- _What needs to be done_: Copy each line of the records exactly, stopping only after the line that contains "Cottagecore-Ästhetik Goblincore Pilz" has been written, and leave pictures out.

- _Pictures with short captions_:
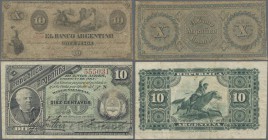 Argentina: 10 Pesos 1866 P.S1527 (VG) and 10 Centavos 1884 P.6 (F+). (2 pcs.)
 [plus 19 % VAT]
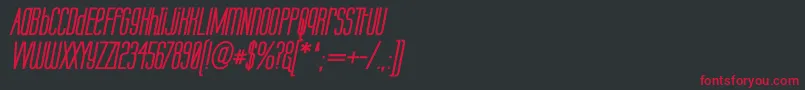 フォントLabtopUnicaseBoldItalic – 黒い背景に赤い文字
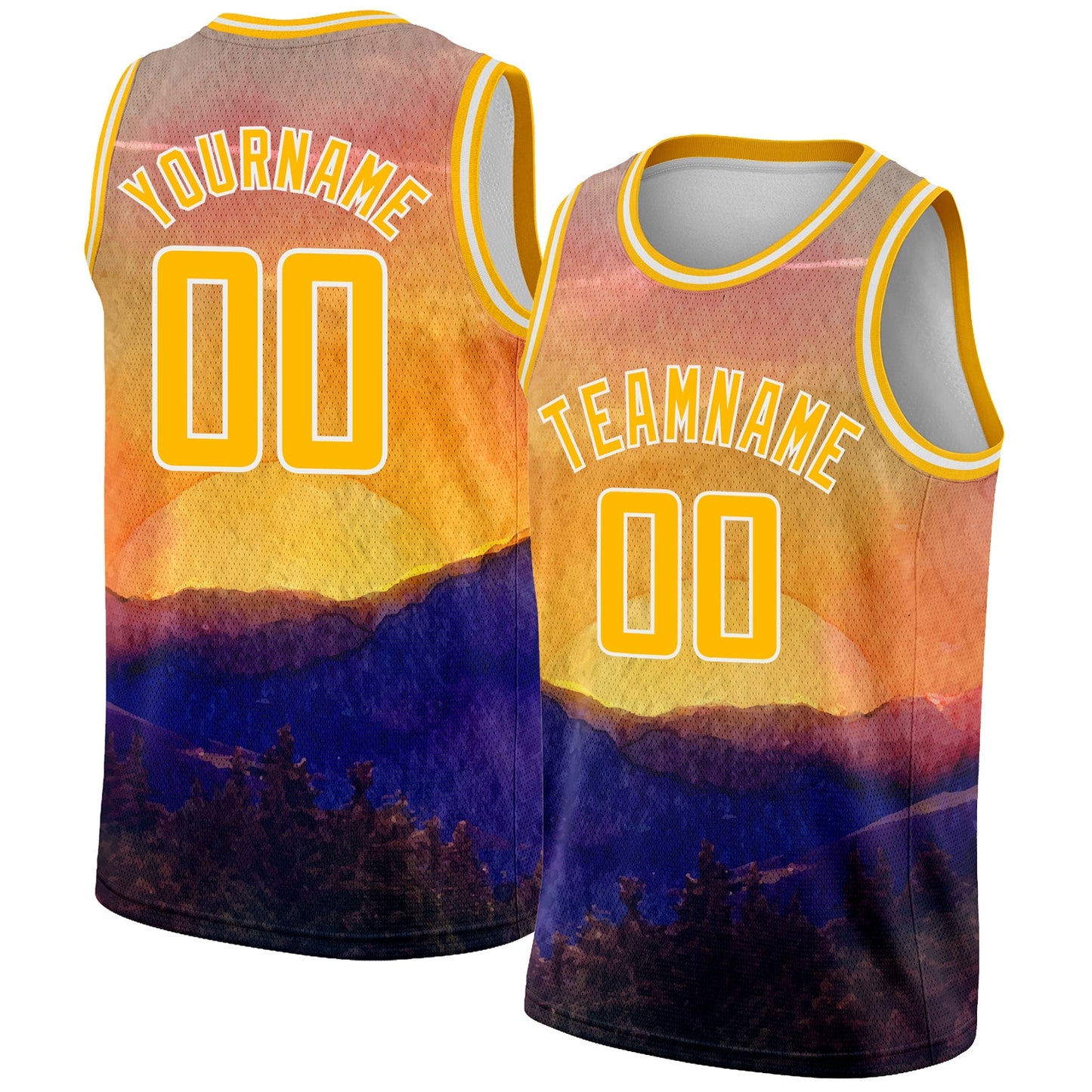 Custom Gold White 3D Pattern Design Landscape At Sunset Watercolor Style Authentic Basketball Jersey - Main View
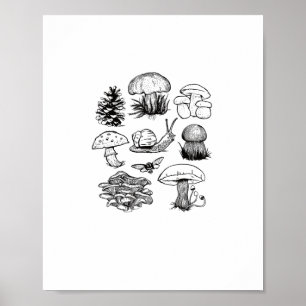 Cottagecore-Ästhetik Goblincore Pilz Schnecke Poster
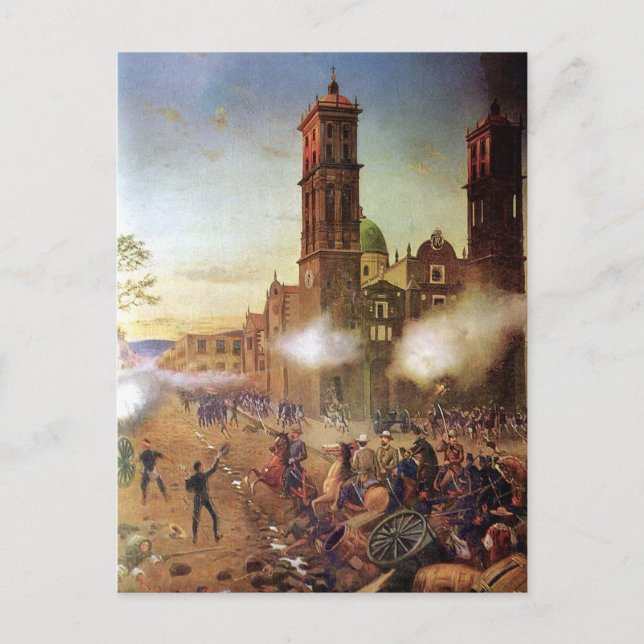 Carte Postale Bataille de l'histoire mexicaine de Puebla (Devant)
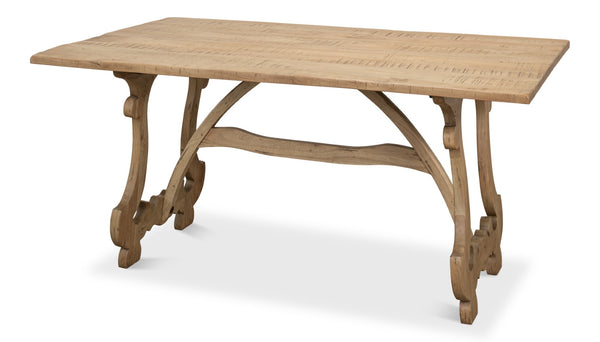 Sarreid Calambac Dining Table In Driftwood Finish - Rustic Charm With Old Wood & Walnut Hardware Accents Brown  27862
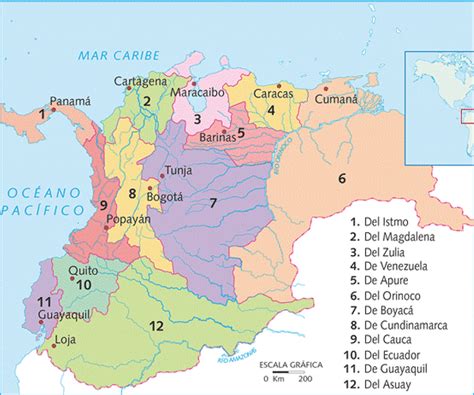 Mapa De La Gran Colombia Y Sus Departamentos 1824 Map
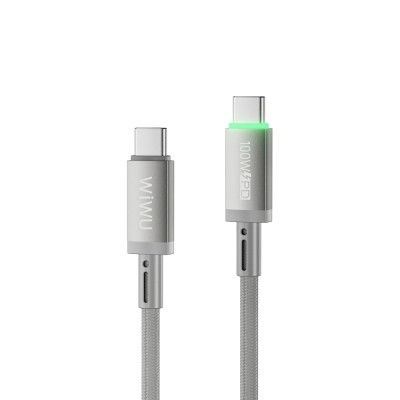 Wiwu Wi-C084 Maglink Serisi LED Göstergeli Type-C to Type-C Hızlı Şarj Özellikli Data ve Şarj Kablosu 100W 1M - 5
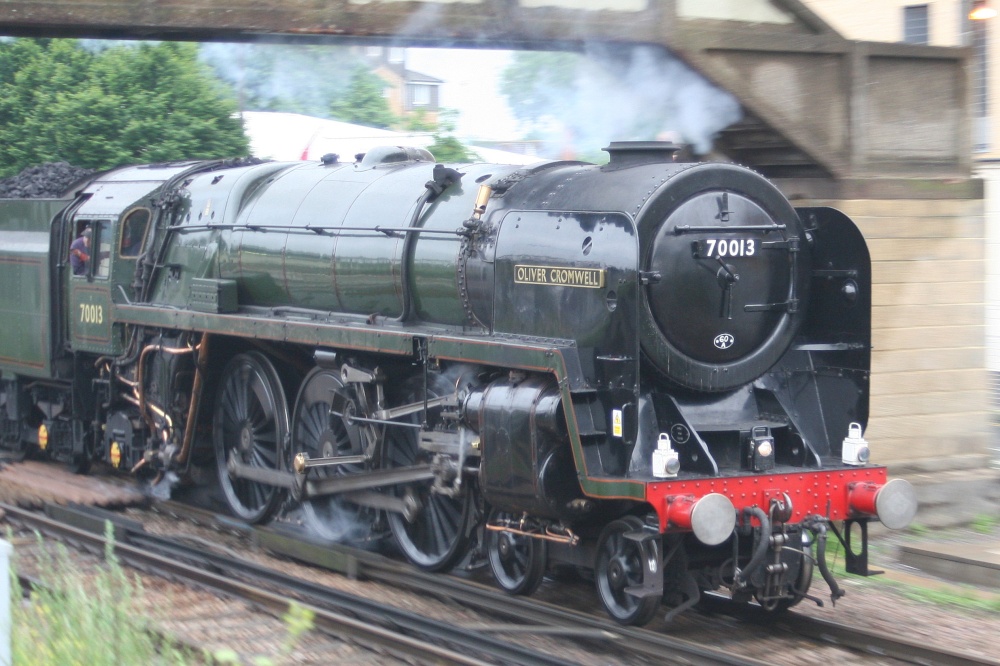 70013 Oliver Cromwell passing through Feltham.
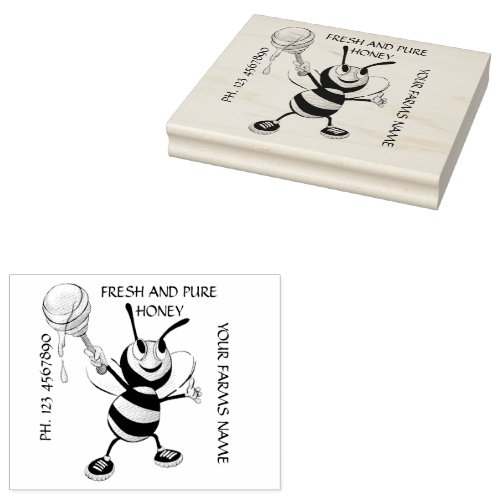 White and black honey bee 5x4 rubber stamp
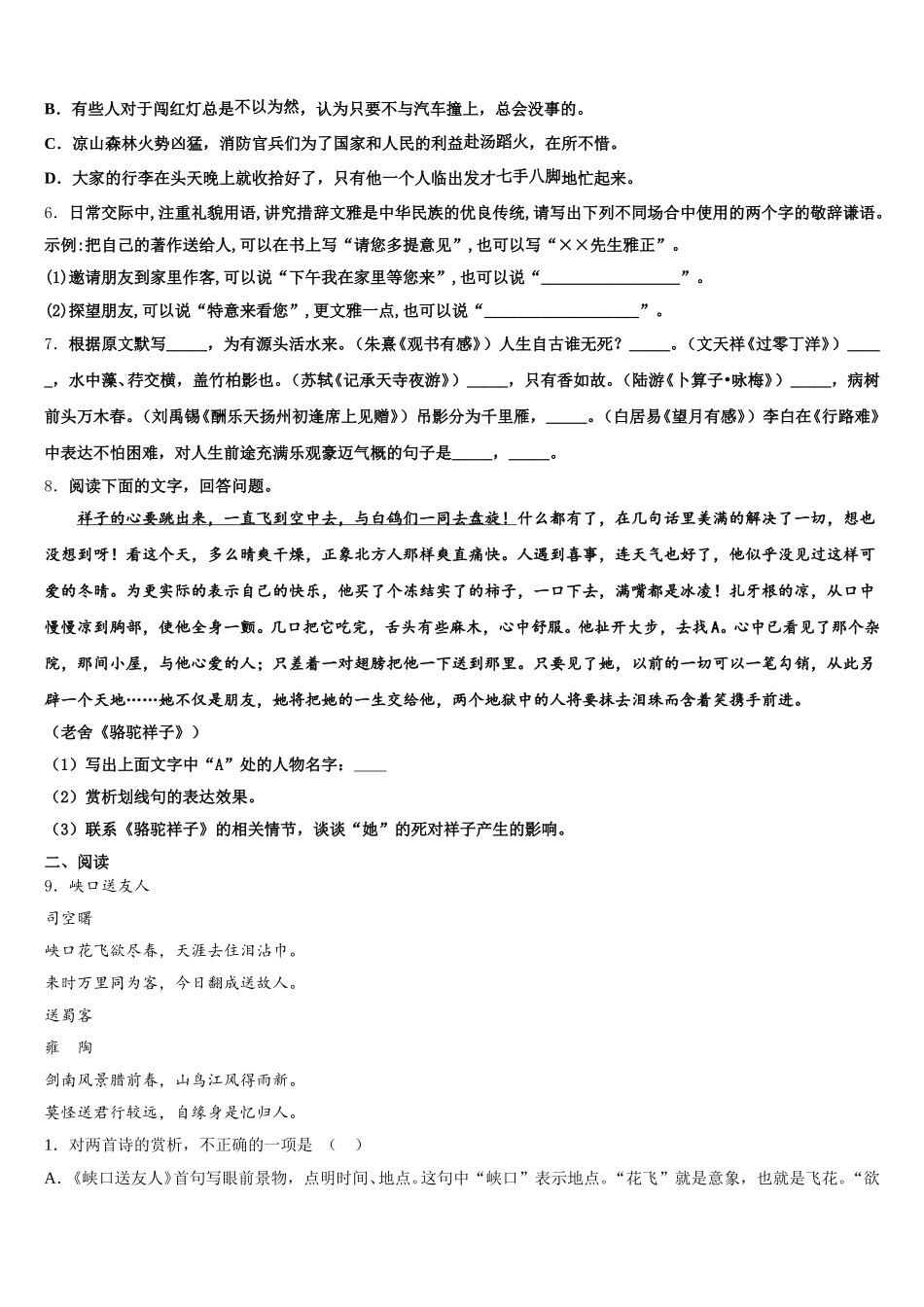 江苏省滨海县2026届初三下学期第一次检测试题-语文试题试卷含解析_第2页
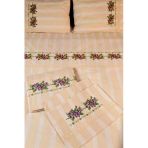 Buldanstore Kaneviçe Nevresim Takımı El Işlemeli Çift Kişilik (Mor)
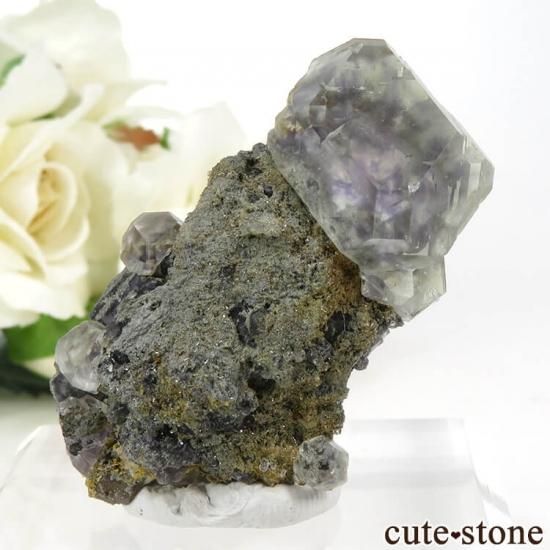 中国 福建省産 ブルー＆グリーンフローライトの母岩付き結晶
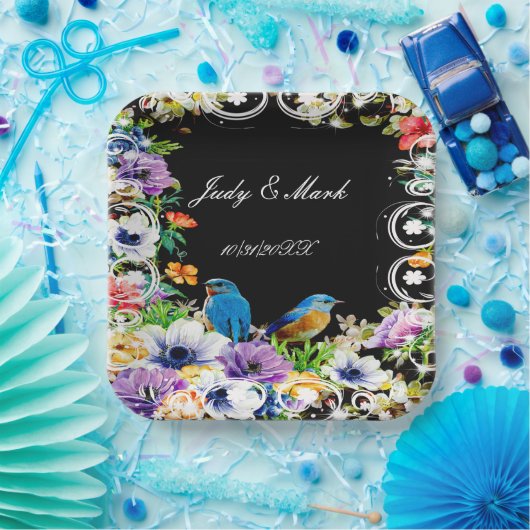 Kleurrijke blauwe vogels en botanische bloemen papieren bordje (Feest)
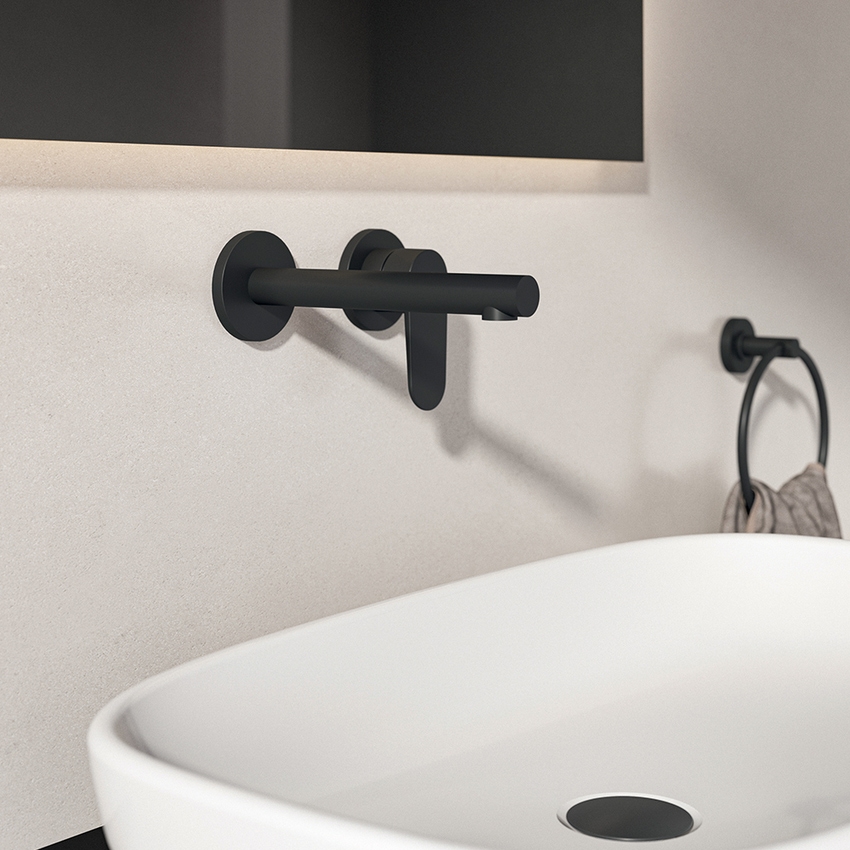 Immagine di Ideal Standard CERALIFE O miscelatore monocomando per lavabo, a parete, senza corpo incasso, colore nero finitura opaco BE019XG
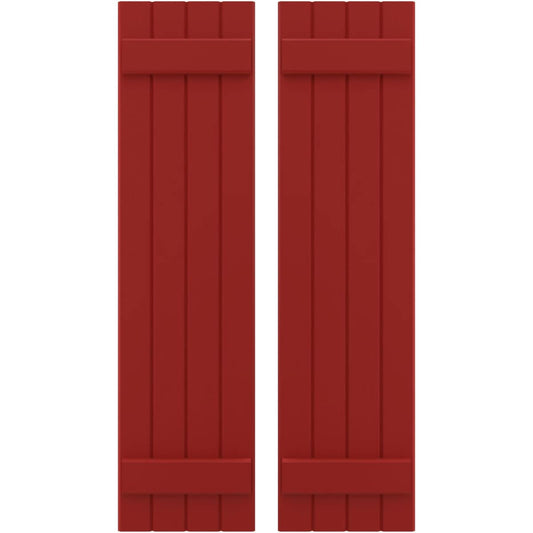 Ekena Millwork 14-in W x 50-in H Fire Red Paintable/Stainable Board and batten Spaced Wood Exterior Shutters ( 2 -Pack )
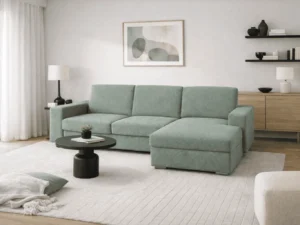 Coltar extensibil cu sistem ribalta comod pentru familie, vernil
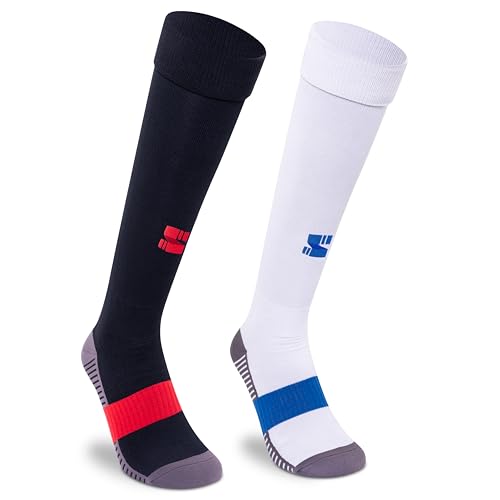 Image of Supersox Unisex Kid's Football Socks - Knee Length Socks with Cushioned Sole, Odour Free & Superior Grip Uniform Stockings for Football /Soccer, Pack of 2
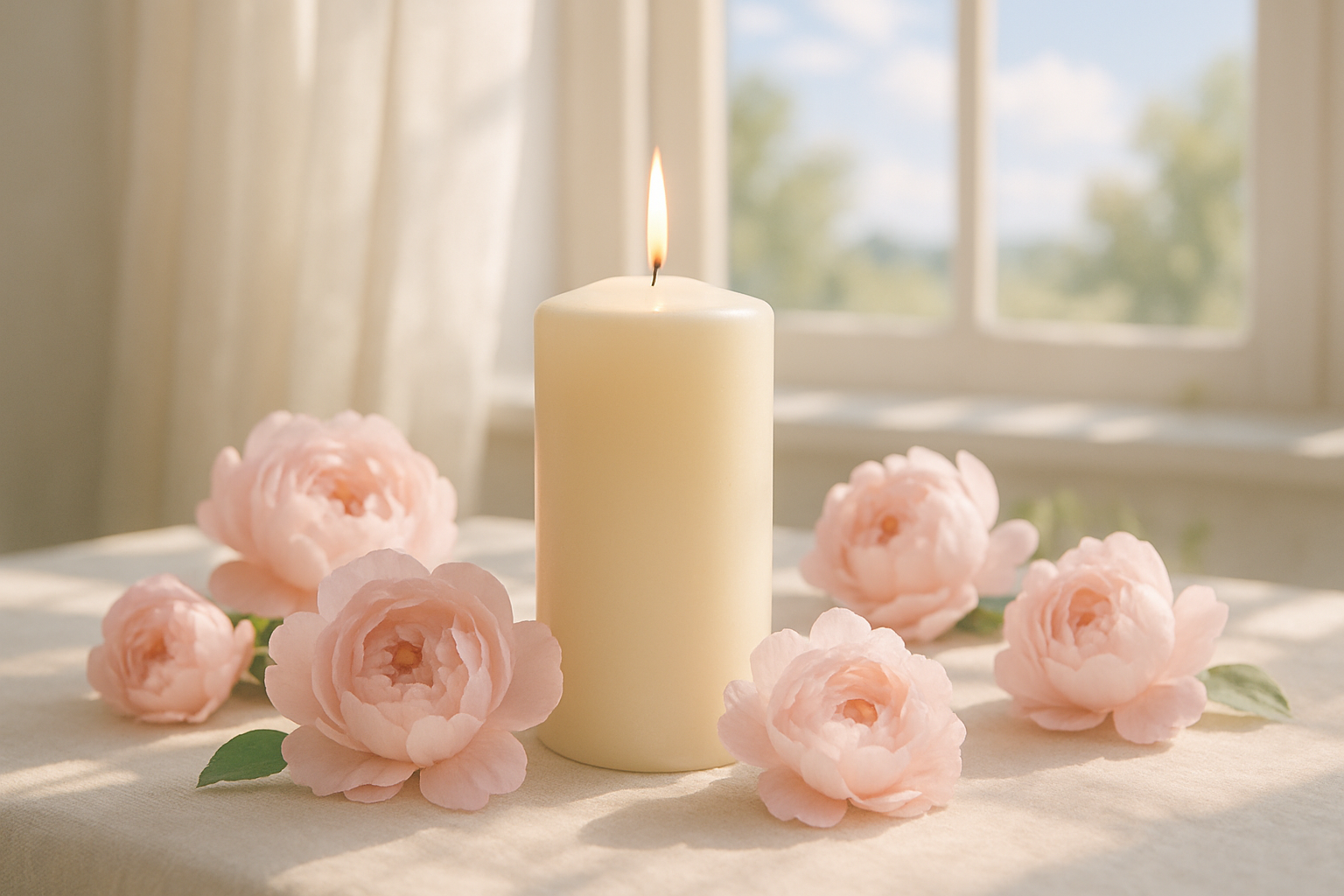white candle with pink flowers around it with a light atmoshphere and see a window outside to a beautiful day on a light colored table or cloth 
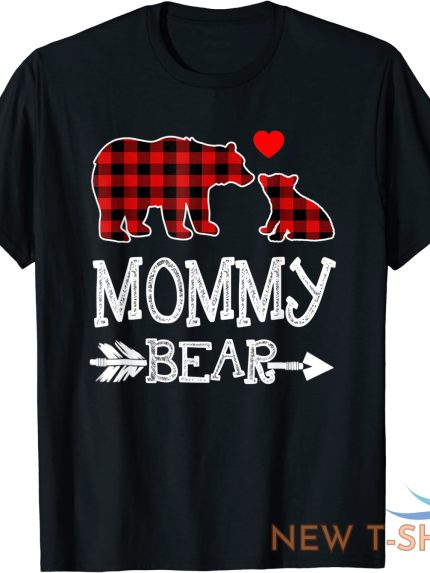 red plaid mommy bear christmas pajama matching family unisex t shirt 1.jpg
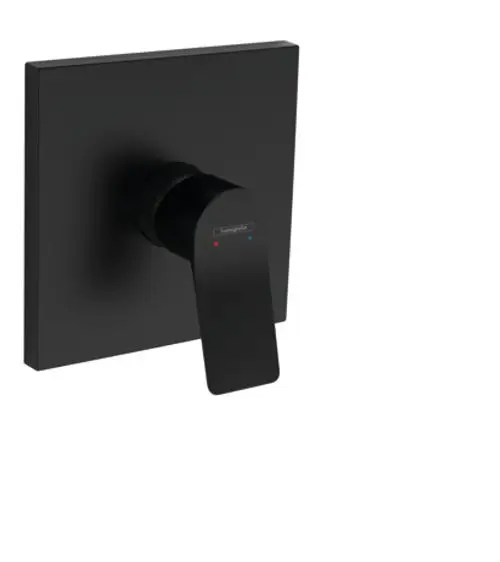 Hansgrohe Einhebel-Brausemischer in mattschwarz, unterputz montiert, mit quadratischer Wandplatte und एकhebelform. Farbcodierung für Wassersteuerung sichtbar.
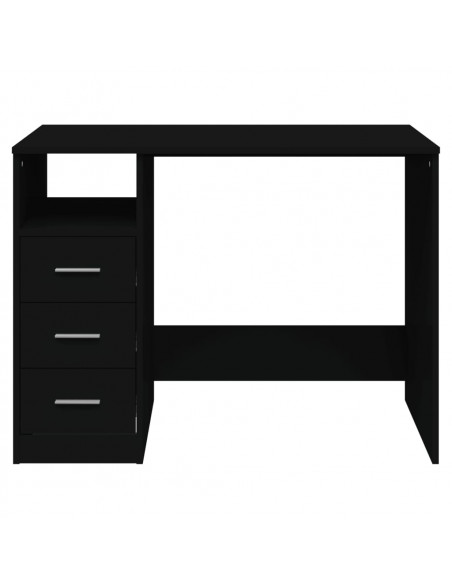 Scrivania con Cassetti Nera 102x50x76 cm in Legno Multistrato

- _Final answer_:
 Argentina: 10 Pesos 1866 P.S1527 (VG) and 10 Centavos 1884 P.6 (F+). (2 pcs.)
 [plus 19 % VAT]
 フォントLabtopUnicaseBoldItalic – 黒い背景に赤い文字
 Custom Gold White 3D Pattern Design Landscape At Sunset Watercolor Style Authentic Basketball Jersey - Main View
 Cottagecore-Ästhetik Goblincore Pilz Schnecke Poster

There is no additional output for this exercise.